Neural machine translation aims to understand the meaning behind words and phrases by predicting word order and applying context via deep learning. This enables the technology to decide when “set” is being used as a noun and when it’s being used as a verb.

This is a crude example but it helps explain what’s going on at the algorithm level.

A far more complex use case would be using NMT to translate works of literature and this is precisely what Dr. Antonio Toral, Assistant Professor at the University of Groningen and Prof. Andy Way, Professor in Computing and Deputy Director of the EU’s ADAPT Centre for Digital Content Technology, did in their research project.

machine translation

They used neural machine translation to translate twelve well-known novels:

  1. Auster’s Sunset Park (2010)
  2. Collins’ Hunger Games #3 (2010)
  3. Golding’s Lord of the Flies (1954)
  4. Hemingway’s The Old Man and the Sea (1952)
  5. Highsmith’s Ripley Under Water (1991)
  6. Hosseini’s A Thousand Splendid Suns (2007)
  7. Joyce’s Ulysses (1922)
  8. Kerouac’s On the Road (1957)
  9. Orwell’s 1984 (1949)
  10. Rowling’s Harry Potter #7 (2007)
  11. Salinger’s The Catcher in the Rye (1951)
  12. Tolkien’s The Lord of the Rings #3 (1955)

 

The duo trained an NMT model to translate the novels from English into Catalan and compared results against a phrase-based statistical machine translation (PBSMT) system with the same works of literature. They found that the NMT model was 11% more successful at translating the novels accurately with 17%-34% of native speakers comparing the results to the quality expected from human translators.

 

What does this really tell us about machine translation?

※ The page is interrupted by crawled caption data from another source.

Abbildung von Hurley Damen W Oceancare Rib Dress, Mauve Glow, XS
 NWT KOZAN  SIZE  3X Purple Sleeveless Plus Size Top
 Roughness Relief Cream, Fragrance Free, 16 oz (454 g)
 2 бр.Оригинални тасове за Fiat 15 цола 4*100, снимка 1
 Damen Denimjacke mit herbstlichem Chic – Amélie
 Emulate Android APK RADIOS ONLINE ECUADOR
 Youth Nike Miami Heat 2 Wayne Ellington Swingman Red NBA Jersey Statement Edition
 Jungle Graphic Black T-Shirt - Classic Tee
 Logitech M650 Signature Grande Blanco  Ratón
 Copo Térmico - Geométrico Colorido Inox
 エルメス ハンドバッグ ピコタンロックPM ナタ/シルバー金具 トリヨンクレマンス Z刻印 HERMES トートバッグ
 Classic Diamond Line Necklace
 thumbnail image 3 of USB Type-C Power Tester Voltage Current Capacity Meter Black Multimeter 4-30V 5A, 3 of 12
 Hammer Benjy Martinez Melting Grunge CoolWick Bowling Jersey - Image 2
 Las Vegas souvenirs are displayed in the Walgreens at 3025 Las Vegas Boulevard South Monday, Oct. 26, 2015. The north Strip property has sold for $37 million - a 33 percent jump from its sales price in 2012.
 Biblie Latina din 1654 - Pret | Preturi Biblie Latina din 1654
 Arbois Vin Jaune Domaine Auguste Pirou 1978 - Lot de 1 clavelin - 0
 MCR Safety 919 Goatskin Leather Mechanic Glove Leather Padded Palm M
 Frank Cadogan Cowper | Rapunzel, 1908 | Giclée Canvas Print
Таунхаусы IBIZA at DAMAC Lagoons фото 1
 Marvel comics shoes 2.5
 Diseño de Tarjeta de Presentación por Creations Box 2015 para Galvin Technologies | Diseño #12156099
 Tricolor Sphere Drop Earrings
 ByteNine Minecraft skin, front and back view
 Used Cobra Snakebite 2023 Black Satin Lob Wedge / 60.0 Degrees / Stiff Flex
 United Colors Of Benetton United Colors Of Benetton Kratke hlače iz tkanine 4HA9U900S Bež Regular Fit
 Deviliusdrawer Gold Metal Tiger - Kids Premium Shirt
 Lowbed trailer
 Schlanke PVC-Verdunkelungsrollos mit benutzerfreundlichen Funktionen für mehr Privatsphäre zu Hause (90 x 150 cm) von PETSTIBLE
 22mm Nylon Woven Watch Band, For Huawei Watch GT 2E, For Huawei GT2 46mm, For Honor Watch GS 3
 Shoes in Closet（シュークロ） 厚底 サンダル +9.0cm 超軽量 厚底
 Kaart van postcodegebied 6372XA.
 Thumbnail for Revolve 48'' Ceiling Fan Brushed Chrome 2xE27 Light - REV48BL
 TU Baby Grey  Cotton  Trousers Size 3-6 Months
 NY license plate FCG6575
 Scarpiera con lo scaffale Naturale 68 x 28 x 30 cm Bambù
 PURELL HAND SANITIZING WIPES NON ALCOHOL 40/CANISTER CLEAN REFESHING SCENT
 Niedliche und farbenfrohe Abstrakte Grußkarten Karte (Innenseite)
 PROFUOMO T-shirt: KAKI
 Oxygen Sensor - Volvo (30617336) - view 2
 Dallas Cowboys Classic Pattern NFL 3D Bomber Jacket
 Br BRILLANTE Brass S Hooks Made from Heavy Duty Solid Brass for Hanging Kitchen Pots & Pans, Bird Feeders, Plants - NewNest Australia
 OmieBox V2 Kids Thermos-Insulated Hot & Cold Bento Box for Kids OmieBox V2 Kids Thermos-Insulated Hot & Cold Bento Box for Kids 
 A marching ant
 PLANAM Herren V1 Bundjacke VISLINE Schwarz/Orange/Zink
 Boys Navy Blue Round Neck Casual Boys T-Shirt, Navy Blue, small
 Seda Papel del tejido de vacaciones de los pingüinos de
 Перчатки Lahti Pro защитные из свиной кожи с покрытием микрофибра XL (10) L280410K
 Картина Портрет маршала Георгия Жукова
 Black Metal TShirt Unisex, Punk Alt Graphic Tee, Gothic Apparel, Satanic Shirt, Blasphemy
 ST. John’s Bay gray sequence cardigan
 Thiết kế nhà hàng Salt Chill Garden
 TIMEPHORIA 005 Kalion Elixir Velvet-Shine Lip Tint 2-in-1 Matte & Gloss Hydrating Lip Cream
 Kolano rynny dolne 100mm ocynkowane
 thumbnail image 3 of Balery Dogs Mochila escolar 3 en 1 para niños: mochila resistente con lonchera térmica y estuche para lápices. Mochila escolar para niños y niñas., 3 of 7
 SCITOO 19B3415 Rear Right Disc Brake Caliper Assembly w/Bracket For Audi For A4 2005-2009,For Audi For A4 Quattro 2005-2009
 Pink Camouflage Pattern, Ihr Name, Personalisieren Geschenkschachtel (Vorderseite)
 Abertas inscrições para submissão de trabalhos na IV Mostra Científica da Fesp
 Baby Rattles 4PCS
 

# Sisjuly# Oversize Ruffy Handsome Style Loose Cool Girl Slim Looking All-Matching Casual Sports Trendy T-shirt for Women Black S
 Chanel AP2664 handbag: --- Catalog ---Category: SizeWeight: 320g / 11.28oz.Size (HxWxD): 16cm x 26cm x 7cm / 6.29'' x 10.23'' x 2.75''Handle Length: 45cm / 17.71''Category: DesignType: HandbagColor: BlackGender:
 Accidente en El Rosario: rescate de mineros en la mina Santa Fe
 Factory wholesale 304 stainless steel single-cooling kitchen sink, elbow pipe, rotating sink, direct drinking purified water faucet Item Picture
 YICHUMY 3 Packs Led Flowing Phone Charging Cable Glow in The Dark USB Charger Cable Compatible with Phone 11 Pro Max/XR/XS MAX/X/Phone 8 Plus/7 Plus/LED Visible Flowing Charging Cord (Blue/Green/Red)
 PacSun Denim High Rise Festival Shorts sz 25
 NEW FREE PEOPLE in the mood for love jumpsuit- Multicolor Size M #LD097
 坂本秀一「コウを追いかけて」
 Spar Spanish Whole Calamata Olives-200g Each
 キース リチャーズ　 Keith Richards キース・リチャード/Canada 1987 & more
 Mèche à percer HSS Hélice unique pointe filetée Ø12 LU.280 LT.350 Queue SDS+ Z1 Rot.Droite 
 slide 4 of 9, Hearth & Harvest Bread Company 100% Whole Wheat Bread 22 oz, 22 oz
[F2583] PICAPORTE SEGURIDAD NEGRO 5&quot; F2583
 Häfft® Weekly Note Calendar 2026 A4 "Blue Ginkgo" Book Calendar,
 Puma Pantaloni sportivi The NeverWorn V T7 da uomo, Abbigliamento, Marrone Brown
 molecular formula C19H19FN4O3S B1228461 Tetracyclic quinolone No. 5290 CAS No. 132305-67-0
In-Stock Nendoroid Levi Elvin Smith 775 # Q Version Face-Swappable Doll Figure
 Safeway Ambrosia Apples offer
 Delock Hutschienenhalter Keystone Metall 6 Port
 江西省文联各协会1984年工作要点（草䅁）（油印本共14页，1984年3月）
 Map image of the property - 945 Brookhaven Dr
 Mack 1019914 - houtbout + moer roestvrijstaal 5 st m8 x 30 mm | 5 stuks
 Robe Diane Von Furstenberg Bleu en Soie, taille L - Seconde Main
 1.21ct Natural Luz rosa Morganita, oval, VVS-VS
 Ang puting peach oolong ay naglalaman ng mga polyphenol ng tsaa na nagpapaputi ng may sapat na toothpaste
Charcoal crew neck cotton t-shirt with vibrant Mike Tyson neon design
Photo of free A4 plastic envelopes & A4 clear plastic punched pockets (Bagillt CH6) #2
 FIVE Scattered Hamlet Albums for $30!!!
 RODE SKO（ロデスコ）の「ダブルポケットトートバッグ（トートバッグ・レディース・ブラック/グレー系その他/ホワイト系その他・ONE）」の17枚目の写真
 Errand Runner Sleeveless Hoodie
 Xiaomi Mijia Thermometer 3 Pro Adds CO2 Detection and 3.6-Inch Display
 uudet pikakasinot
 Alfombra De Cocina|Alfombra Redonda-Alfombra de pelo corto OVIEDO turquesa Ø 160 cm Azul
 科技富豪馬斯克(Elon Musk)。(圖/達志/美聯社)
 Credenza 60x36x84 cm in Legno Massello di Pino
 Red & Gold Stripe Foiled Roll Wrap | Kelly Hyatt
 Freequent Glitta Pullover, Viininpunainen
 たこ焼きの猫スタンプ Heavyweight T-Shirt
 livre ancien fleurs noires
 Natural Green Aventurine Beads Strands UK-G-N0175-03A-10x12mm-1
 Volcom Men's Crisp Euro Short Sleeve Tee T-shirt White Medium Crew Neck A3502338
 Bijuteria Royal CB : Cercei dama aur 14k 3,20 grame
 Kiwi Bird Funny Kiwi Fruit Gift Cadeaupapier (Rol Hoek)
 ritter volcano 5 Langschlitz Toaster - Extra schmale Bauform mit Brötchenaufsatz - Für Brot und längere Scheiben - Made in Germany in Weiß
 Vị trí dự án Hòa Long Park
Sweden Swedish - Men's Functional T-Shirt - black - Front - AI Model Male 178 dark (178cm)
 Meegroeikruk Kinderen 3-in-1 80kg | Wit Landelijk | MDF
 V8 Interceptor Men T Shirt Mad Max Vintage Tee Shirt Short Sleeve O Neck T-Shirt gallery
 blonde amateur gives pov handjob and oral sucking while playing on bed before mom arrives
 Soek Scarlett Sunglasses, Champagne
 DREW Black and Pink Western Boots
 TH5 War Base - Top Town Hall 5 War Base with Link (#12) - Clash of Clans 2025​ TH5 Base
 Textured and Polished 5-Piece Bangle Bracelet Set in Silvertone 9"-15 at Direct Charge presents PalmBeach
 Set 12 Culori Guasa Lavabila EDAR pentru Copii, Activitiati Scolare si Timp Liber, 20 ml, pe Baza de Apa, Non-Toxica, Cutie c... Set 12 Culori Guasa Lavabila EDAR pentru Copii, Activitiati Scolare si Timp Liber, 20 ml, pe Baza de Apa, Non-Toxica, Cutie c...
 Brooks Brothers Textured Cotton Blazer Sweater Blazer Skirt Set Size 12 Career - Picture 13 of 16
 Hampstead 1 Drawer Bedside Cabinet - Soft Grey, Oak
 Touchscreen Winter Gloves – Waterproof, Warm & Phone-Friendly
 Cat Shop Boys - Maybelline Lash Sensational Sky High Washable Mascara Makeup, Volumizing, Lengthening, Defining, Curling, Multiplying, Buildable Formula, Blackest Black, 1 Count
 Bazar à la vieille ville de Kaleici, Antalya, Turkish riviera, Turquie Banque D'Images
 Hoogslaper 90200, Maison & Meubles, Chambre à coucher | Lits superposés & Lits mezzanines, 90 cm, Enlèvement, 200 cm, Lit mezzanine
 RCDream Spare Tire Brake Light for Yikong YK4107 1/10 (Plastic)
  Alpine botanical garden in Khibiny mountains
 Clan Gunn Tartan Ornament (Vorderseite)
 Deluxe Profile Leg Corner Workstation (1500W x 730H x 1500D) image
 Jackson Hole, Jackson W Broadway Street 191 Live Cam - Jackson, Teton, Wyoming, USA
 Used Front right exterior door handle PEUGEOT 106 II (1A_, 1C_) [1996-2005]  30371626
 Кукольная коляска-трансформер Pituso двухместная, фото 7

The findings published by Dr. Antonio Toral and Prof. Andy Way illustrates how far machine translation has come in recent years – largely thanks to machine learning and related technologies. Half a decade ago it would have been unimaginable that an algorithm would be anything better than useless with translating works of literature and other creative pieces.

Of course, a 25% flawless rate is nowhere near good enough for use in real-world scenarios but the technology doesn’t need to translate Harry Potter. If it can progress enough to translate conversations with any accuracy or translate even 50% of a document for human translators, the technology will make a huge impact on the way we deal with language barriers.

The reason for a test of this nature is to put MNT in one of the most challenging scenarios possible and seeing how well it can do. The results are pretty impressive, too. Which gives us even more reason to be optimistic that machine translation can one day play a genuine role in the way people and businesses communicate with each other.

Posted on: February 9th, 2018